Time-Series Modeling and Decomposition

Read this article. It provides an overview of techniques associated with decomposition. Part 4, The Business Cycle, presents how this tool is applied in business operations. Why do you think decomposition is useful in understanding seasonality costs?

TIME SERIES DECOMPOSITION MODELS

An important goal in time series analysis is the decomposition of a series into a set of non-observable (latent) components that can be associated to different types of temporal variations. The idea of time series decomposition is very old and was used for the calculation of planetary orbits by seventeenth century astronomers. Persons (1919) was the first to state explicitly the assumptions of unobserved components. As Persons saw it, time series were composed of four types of fluctuations:

(1) A long-term tendency or secular trend.

(2) Cyclical movements super-imposed upon the long-term trend. These cycles appear to reach their peaks during periods of industrial prosperity and their troughs during periods of depressions, their rise and fall constituting the business-cycle.

(3) A seasonal movement within each year, the shape of which depends on the nature of the series.

(4) Residual variations due to changes impacting individual variables or other major events such as wars and national catastrophes affecting a number of variables.

Traditionally, the four variations have been assumed to be mutually independent from one another and specified by means of an additive decomposition model:

X_{t}=T_{t}+C_{t}+S_{t}+I_{t}

where X_{t} denotes the observed series, T_{t} the long-term trend, C_{t} the business-cycle, S_{t} seasonality and I_{t} the irregulars.

If there is dependence among the latent components, this relationship is specified through a multiplicative model

X_{t}=T_{t} C_{t} S_{t} I_{t}

where now S_{t} and I_{t} are expressed in proportion to the trend-cycle T_{t}C_{t}. In some cases, mixed additive-multiplicative models are used.

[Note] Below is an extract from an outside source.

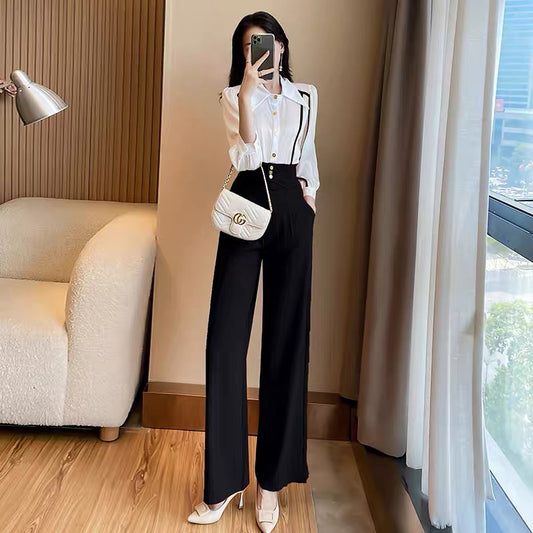 Professional suits women's autumn clothes 2022 new temperament ladies fashion shirts and pants two-piece suits are foreign and thin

Whether a latent component is present or not in a given time series depends on the nature of the phenomenon and on the frequency of measurement. For example, seasonality is due to the fact that some months or quarters of a year are more important in terms of activity or level. Because this component is specified to cancel out over 12 consecutive months or 4 consecutive quarters, or more generally over 365.25 consecutive days, yearly series cannot contain seasonality.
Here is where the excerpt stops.